Over the next three years leading to the 2024 Olympic Games in Paris, the Chinese National Team of Table Tennis will become the leading target of sports sponsorships in China. But its charismatic head coach may eye for other priorities.
As of this 2021 Thanksgiving week in Houston, Texas, a new squad of Chinese table tennis players competed in the World Championships matches. They are the hopefuls for China to win and defend its Ping Pong dominance three years later in the Paris Olympics. At the same time, they are being used to play as diplomats to ease the political standoffs between China and the host country USA.
The primary reason for predicting the table tennis team’s commercial success is its unstoppably rising profile after the successful 2020/21 Olympics. In Tokyo, China won four of the five gold medals, only missing the mixed doubles. At the end of November 2021, a brand-new group of athletes appeared at the World Table Tennis Championships in Houston, Texas. The Chinese and USA players jointly trained and competed for the mixed doubles matches to mark the 50th anniversary of the Ping Pong Diplomacy. The diplomatic stunt has excited the public in and outside China even more than the World Championships.
The other reason is the lack of competitions, especially after the defeat suffered by the Chinese Women’s Volleyball Team in Tokyo 2020 Olympic Games. Before the Tokyo Olympics, the women’s volleyball team was the country’s most popular sports property. The shrewd head coach Lang Ping was able to sign up 30 partners, sponsors, and suppliers. The Table Tennis Team only had seven. Unfortunately, the women’s volleyball team failed to defend its Olympic title in Tokyo. Worse still, it did not even make it through the group stage. Lang Ping swiftly resigned amid the rumours that her team’s morale imploded because of her lack of fairness and transparency in rewarding the players with the money the team bagged. After the fall of the volleyball team, Chinese sports sponsors have to look for a new target.
No easy money
But there is no easy money. Although the Chinese National Table Tennis Team will become the sponsors’ favourite before 2024, Liu Guoliang’s hands are tied. He is unlikely to monetise the team as aggressively as Lang Ping did to her volleyball team.
The first factor of concern for Mr Liu is politics. Ping Pong enjoys the status of the national sport in China. Liu, therefore, manages an iconic property. His job is glamorous as well as risky and even dangerous. The biggest problem with his career is that he has not yet wholly reconciled with China’s sports top boss Gou Zhongwen. In 2016, Gou Zhongwen became the director of the State General Administration of Sports. In June 2017, he removed Liu Guoliang from the head coach chair of the Chinese National Table Tennis Team, making Liu collateral damage of the sports administration’s infights.

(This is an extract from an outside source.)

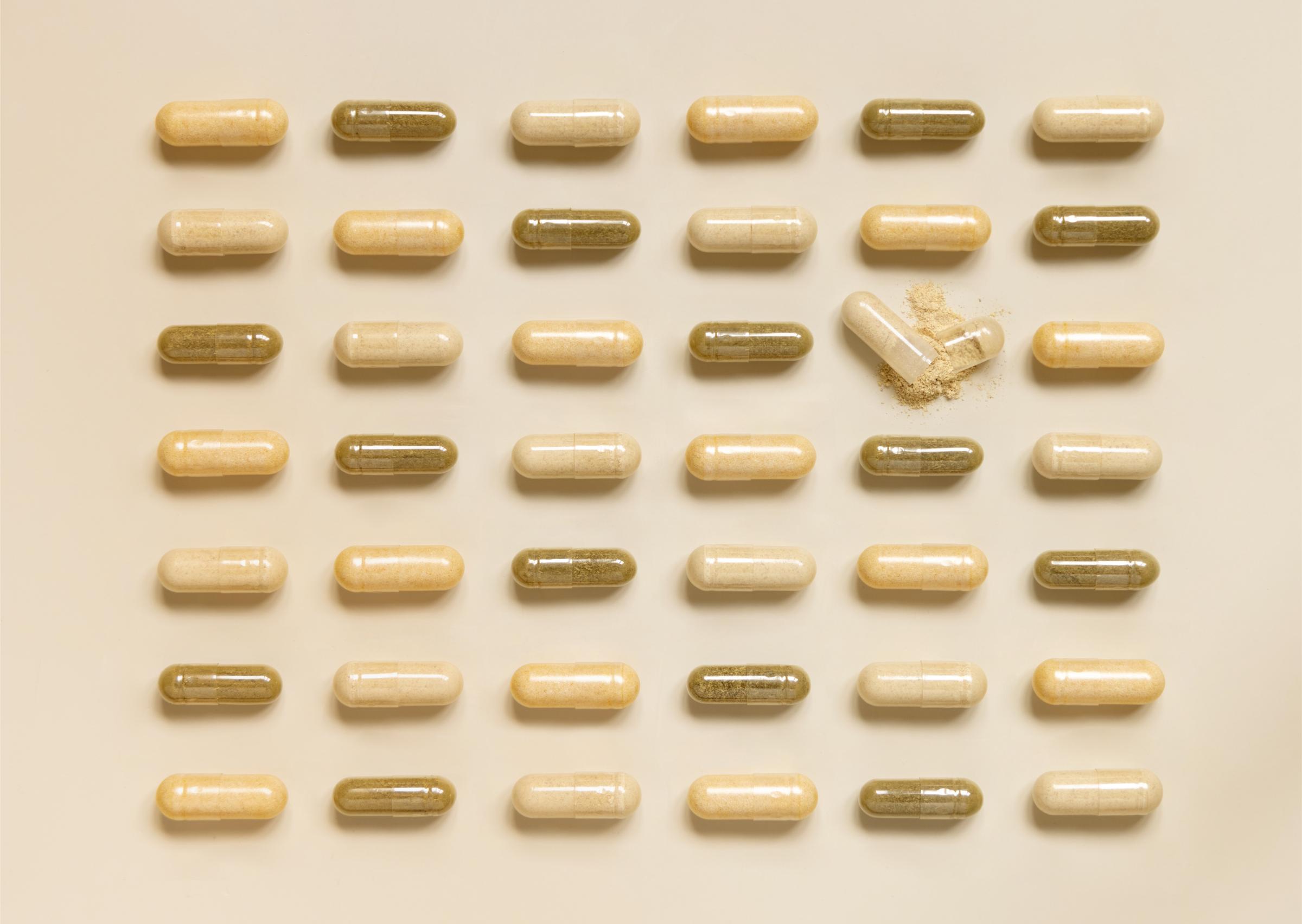 Food supplement capsules with Unique IS-2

Liu’s supporters in the team revolted against the decision. They won massive support from the media and the public. Eventually, Director Gou had to reinstate Liu 15 months later as the head coach. In addition, he compensated Liu with a higher title, appointing him the chairman of the Chinese Table Tennis Association. Since all Chinese sports associations are de facto governments, Liu Guoliang officially started his political career.
The replay of the Ping Pong Diplomacy in Houston 2021 put Liu Guoliang again in the limelight on the stage of politics. He dealt with the event and talked about it to the media with a poise of leadership. However, considering his future development, Liu would have to prioritise the success of his team and his own political merits over money, especially under a scrutinising boss.
Another factor that limits the commercial potentials of the Chinese National Table Tennis Team is the lack of personality. The team is not short of world champions but is losing its character. The rigid state-run Chinese sports system tend to produce athletes who are poorly educated. The athletes only have had training, but no development. They are often compared to conveyer-belt robots with the superb mechanic but little people skills. Some are photogenic, but few can adequately deal with the media, PR, and promotional representations. The Chinese Women’s Volleyball Team had the same problem. Other than the head coach Lang Ping, no athletes had true stardom.
Towards the Paris 2024 Olympic Games, Liu Guoliang is training a new team. The goal is to win the five Olympic titles. That means the squad itself will be a super success, but there will be no individual star players. Instead, it is a faceless superpower leaving the would-be sponsors with trim options to pull off athlete endorsement deals.